There is a unit that is involved in modernising court rules, practices and procedures. It has a close working relationship with the Department of Justice, Equality and Law Reform. It sometimes address issues that are causing concern or that are presenting difficulties in the courts. It is a tricky situation at times.

Mr Attwood:
Mr Fitzpatrick, it is always useful for the Committee to get real-world evidence. You have certainly helped in that regard. You may have included this in your written submission, but if you have not, and if you have the time, it may be useful if you could send a note to the Committee elaborating on the roles of the national user group and the regional user groups. While it may not be immediately relevant to the Committee’s work, it may be useful in the longer term to consider models of that sort.

I was a little surprised that you said that the reason the Denham report went in the direction that it did was to bring the Courts Service into the twenty-first century. I can understand that. Were there other reasons as to why that model was preferred? There is a perception that the Department of Justice, Equality and Law Reform in the South has had a big influence on the management of the criminal justice system. Was that a factor in leading Susan Denham to make the conclusions that she did? Would there have been resistance from the judiciary regarding the model that Justice Denham came up with? Would it have preferred one of the various other models? Were there a number of factors that led to the outcomes that are now in place, rather than the managerial factors that you have suggested?

Mr Fitzpatrick:
In relation to the first point, I have no problem providing the Committee with a description of the user groups, their memberships and the arrangements that are in place, because they are very good. I will send that to the Committee.
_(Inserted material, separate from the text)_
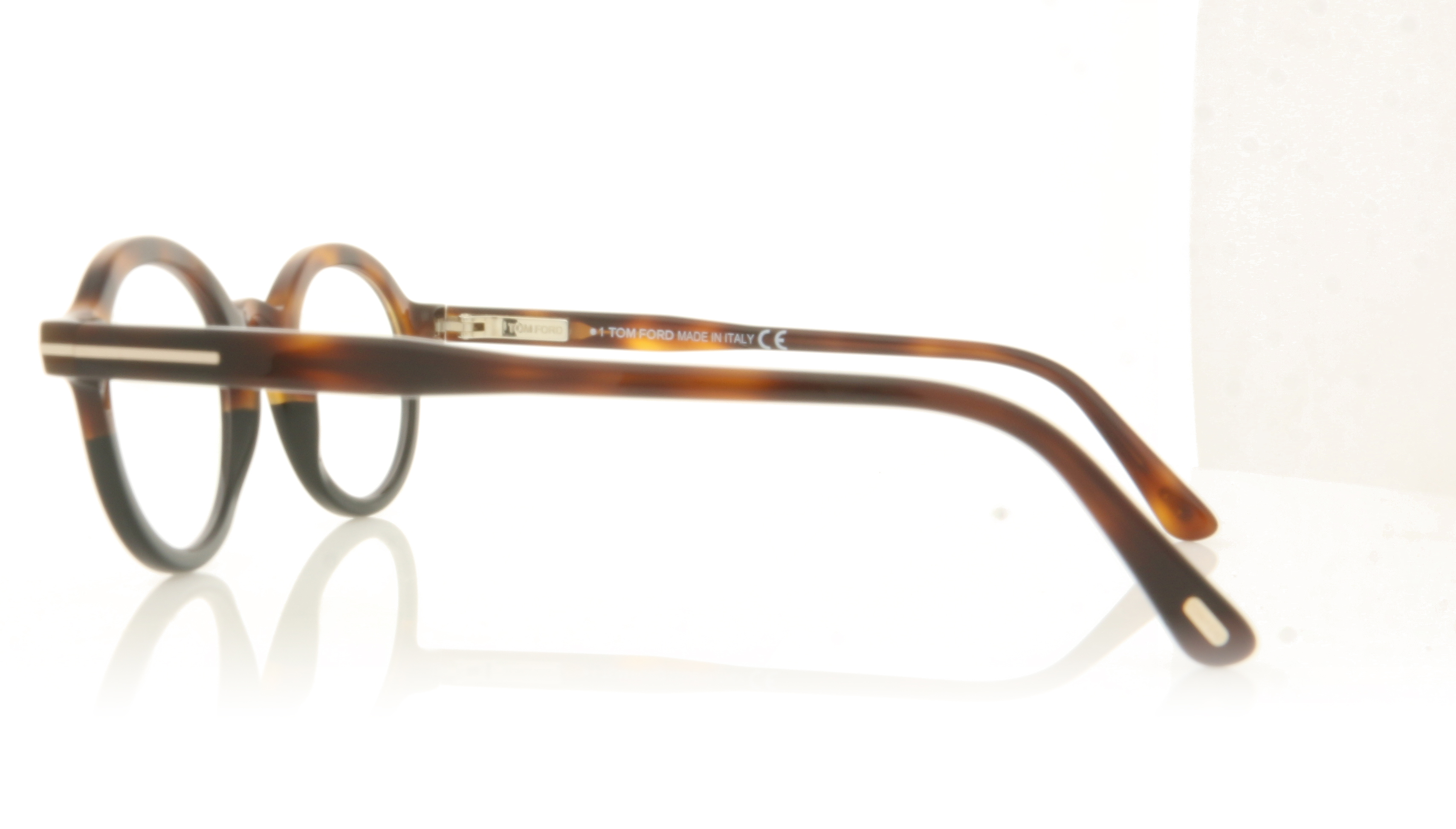 Tom Ford FT5664-B/V TF5664-B Havana 056 Glasses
I became chief executive officer of the Courts Service in 1999. I have no recollection of any concern about interference in judicial functions contributing to the establishment of the Courts Service. The first report of the working group sets out the reasons for its decisions. That report shows that those reasons had more to do with the state of the service, including the lack of investment and the lack of modernisation.

There was an unusual situation in which local authorities or county councils were responsible for the buildings, even though, in some cases, they rarely used them. Therefore, many of the buildings — which were fine buildings — were closed because there were dangers of ceilings falling in, and so on. The buildings were in a poor condition with literally no ICT, and I am talking about less than 10 years ago. The training budget for 1,000 members of staff nationwide was €5,000 and manual systems were all over the place, for example. We managed €1 billion in respect of wards of court and for minors who had been made wards of court. That was all done in ledgers with 22,000 separate accounts.

As I said earlier, at that time some judges did have grave concerns about being involved and about the new proposal because of the issue of the separation of powers. There was an element of people simply being used to a certain system that they knew well.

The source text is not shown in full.